Nello Statuto Autonomo dell'Andalusia, l'articolo 9 garantisce il rispetto verso le minoranze etniche, tenendo come obiettivi di base la piena integrazione di queste ultime e in particolare quella gitana.
Dopo tutte queste persecuzioni ci si chiede che cosa sia rimasto della Cultura di un popolo tanto travagliato. I valori sono trasmessi di padre in figlio, di madre in figlia. La famiglia è il punto centrale nella vita del gitano, una colonna portante, un costante punto di riferimento. La donna è fondamentale per la trasmissione ai figli dei valori e dei costumi. Gli anziani sono altamente rispettati, in quanto detentori di 'Storia'. Da loro si accetta ogni consiglio per superare le difficoltà della vita.
Si venera la Libertà, si vive nel Presente e non si da tanta importanza alle cose materiali.
Sono fondamentali la solidarietà, l'ospitalità e l'aiuto verso chi lo necessita, all'interno del nucleo familiare o nella comunità.
Purtroppo la lingua è quella che si è persa di più, a causa delle persecuzioni prima descritte. I gitani spagnoli oramai non parlano più il romanés, sono rimaste in uso corrente soltanto alcune parole, che anche gli spagnoli gagè (i non gitani) conoscono ed usano con frequenza.

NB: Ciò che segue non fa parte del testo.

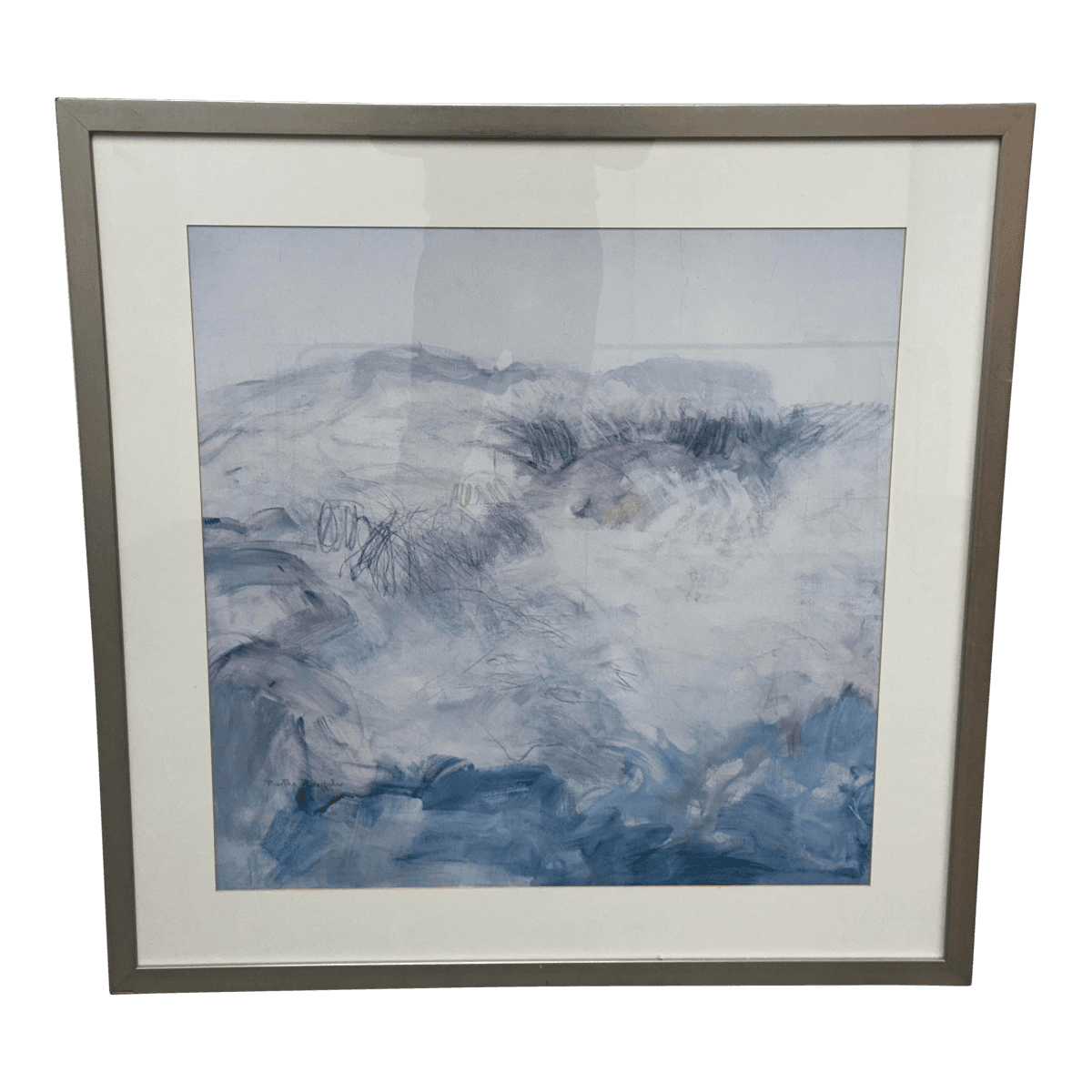 Contemporary Blue + White Brush Strokes Print, Framed - Thumbnail 2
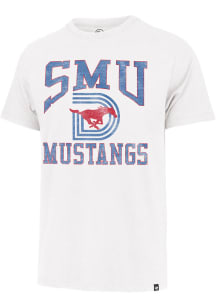 47 SMU Mustangs White Big Ups Franklin Short Sleeve Fashion T Shirt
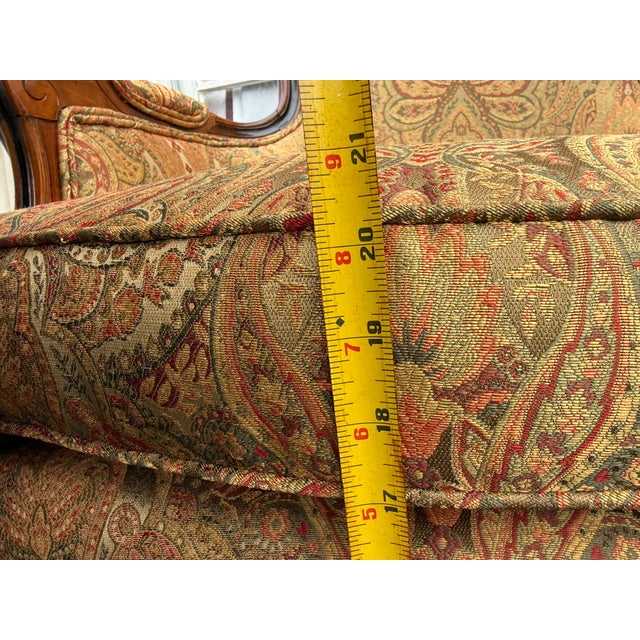 Pair of Vintage Ethan Allen French Louis XVI Style Bergères Armchairs.. Made in Italy For Sale - Image 9 of 17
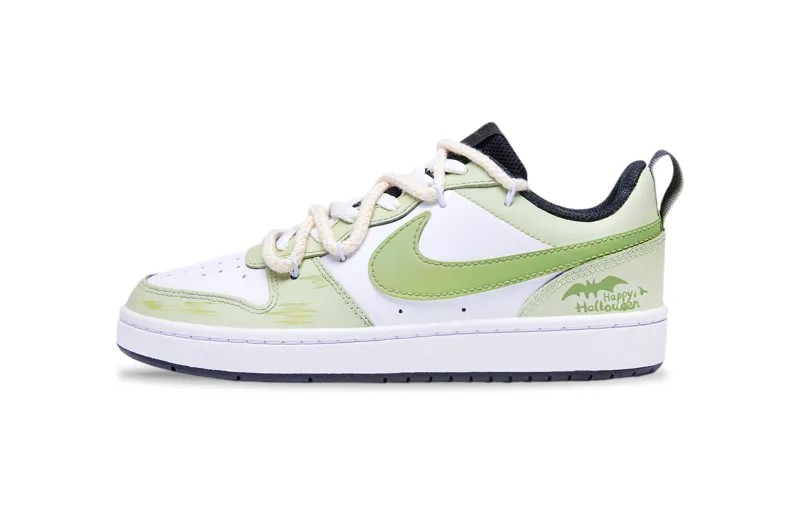 Кроссовки Nike Court Borough Skateboarding Shoes Women's Low-top White, зеленый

La Musica, il Canto e il Baile Flamenco rimangono il punto più forte e consolidato e amato della cultura gitana.
A tal proposito, se vi capiterà di andare a Granada, il flamenco è possibile gustarlo nel quartiere gitano di Sacromonte. Di gitani ne ho visti ben pochi; la maggior parte vivevano nelle cuevas - case costruite scavando nella roccia - ma un recente terremoto ne ha fatto franare la maggior parte e le famiglie gitane residenti sono state spostate nel centro della città, per cui al fascino meraviglioso delle case bianche, i fiori enormi, e le fontanelle piastrellate, aspettatevi anche il cattivo gusto di una miriade di turisti che parlottano a voce alta e fotografano, senza prima “osservare”, ogni angolo che gli capita sotto tiro!
In ogni caso, le Cuevas Los Tarantos sembrano le migliori, anche se abbastanza turistiche, ma sapere che ci ha ballato Carmen Amaya [2] a me basta come scusa per tornare a Granada!
E quando vi verranno i brividi escuchando un canto flamenco, ricordate che è grazie al popolo gitano, al popolo Rom, che potete goderne.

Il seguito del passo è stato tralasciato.